MATERIAL PROVIDED START

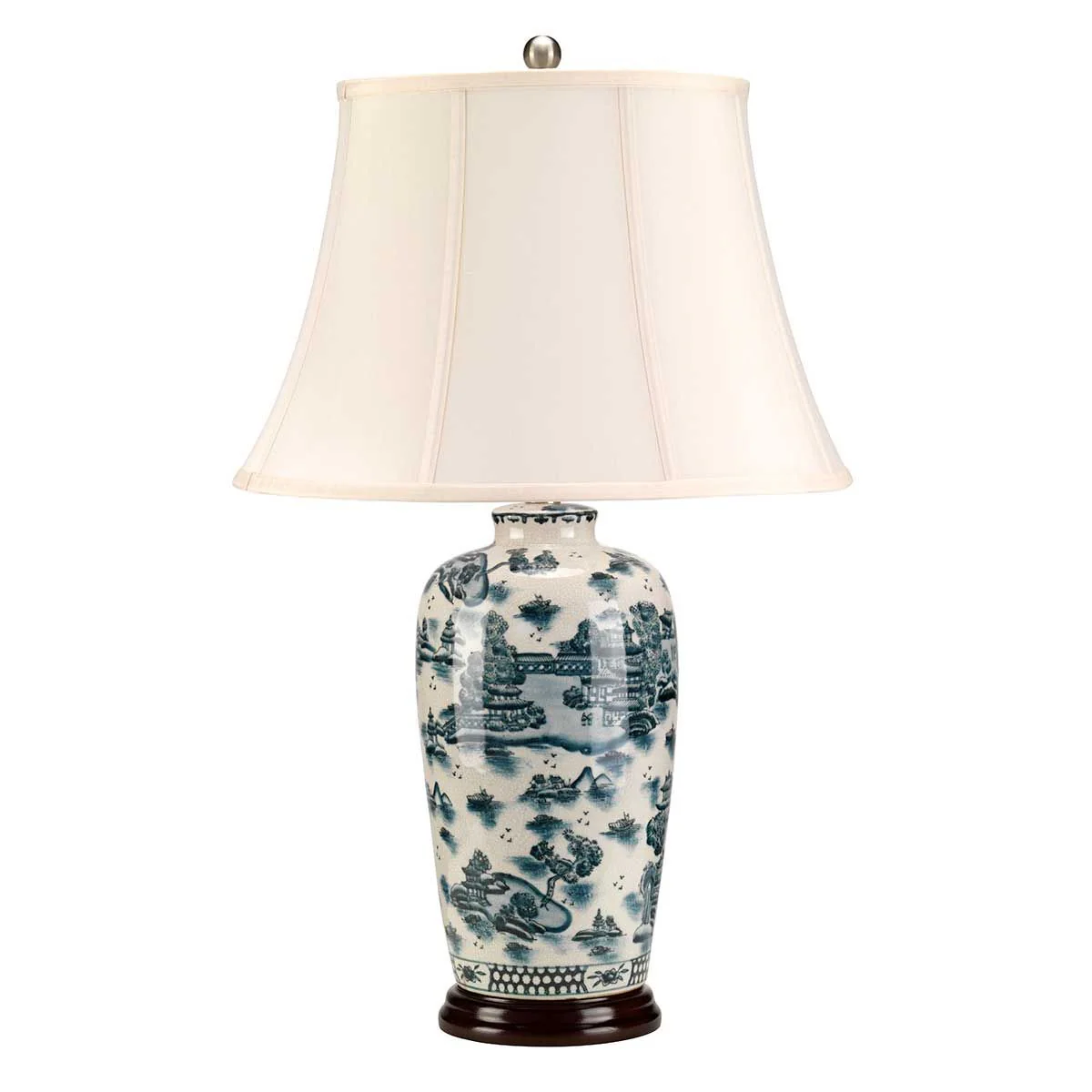Blaue traditionelle Tischlampe mit 1 Licht - Blau und Weiß mit cremefarbenem Schirm - Image 8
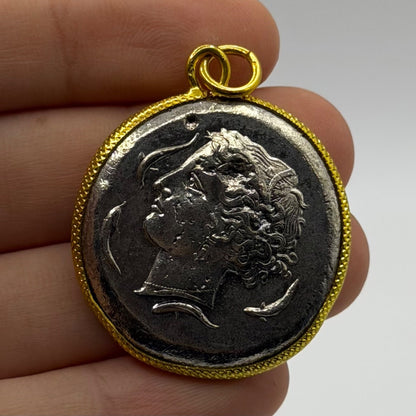 Sicily Syracuse Time of Dionysius I Gold Plated Frame Pendant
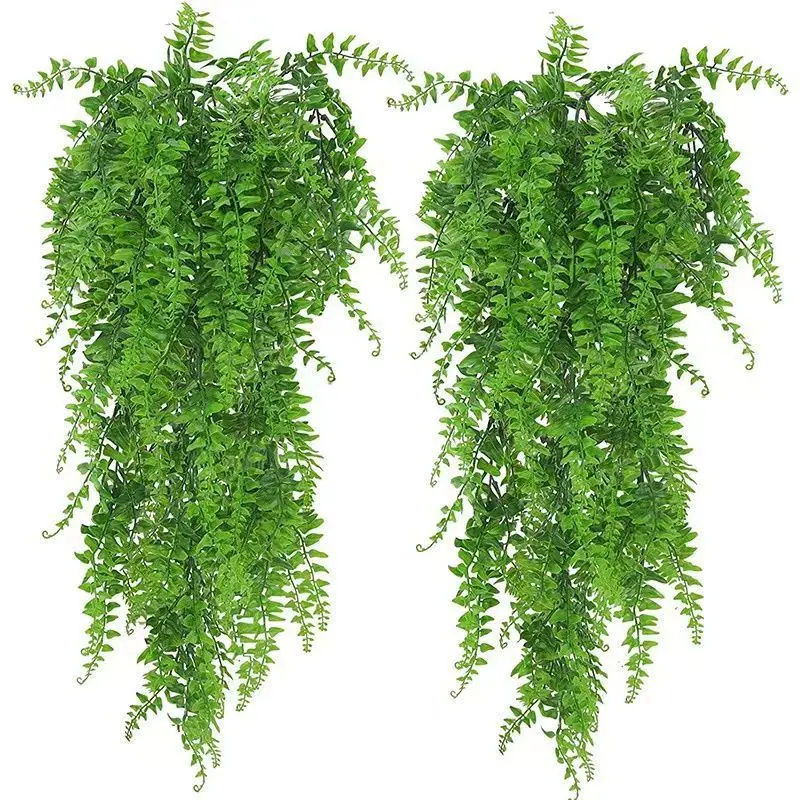 Green Hanging Artificial Plant Persian Fern Leaves Vines Home Garden Room Decor Fake Plants Grass Wedding Party Wall Decoration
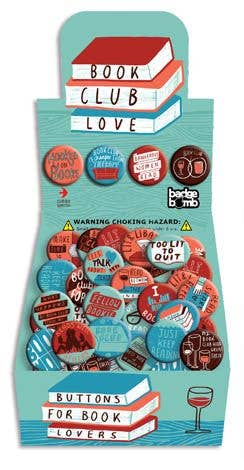 Gibbs Smith - Wholesale Lapel Pin/Button - Book Club Love Button Box -  filled counter display1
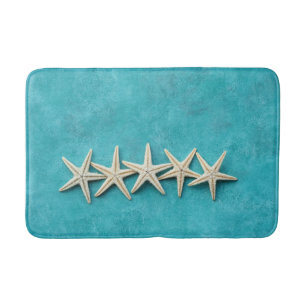Starfish on Ocean Blue Background Bath Mat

MATERIAL PROVIDED END

• ASSIGNMENT: What is needed is a word-for-word copy of the data, minus its pictures.

• OUTPUT OF THE EXERCISE:
Blaue traditionelle Tischlampe mit 1 Licht - Blau und Weiß mit cremefarbenem Schirm - Image 8
 Sicily Syracuse Time of Dionysius I Gold Plated Frame Pendant
 Green Hanging Artificial Plant Persian Fern Leaves Vines Home Garden Room Decor Fake Plants Grass Wedding Party Wall Decoration
 Gibbs Smith - Wholesale Lapel Pin/Button - Book Club Love Button Box -  filled counter display1
Starfish on Ocean Blue Background Bath Mat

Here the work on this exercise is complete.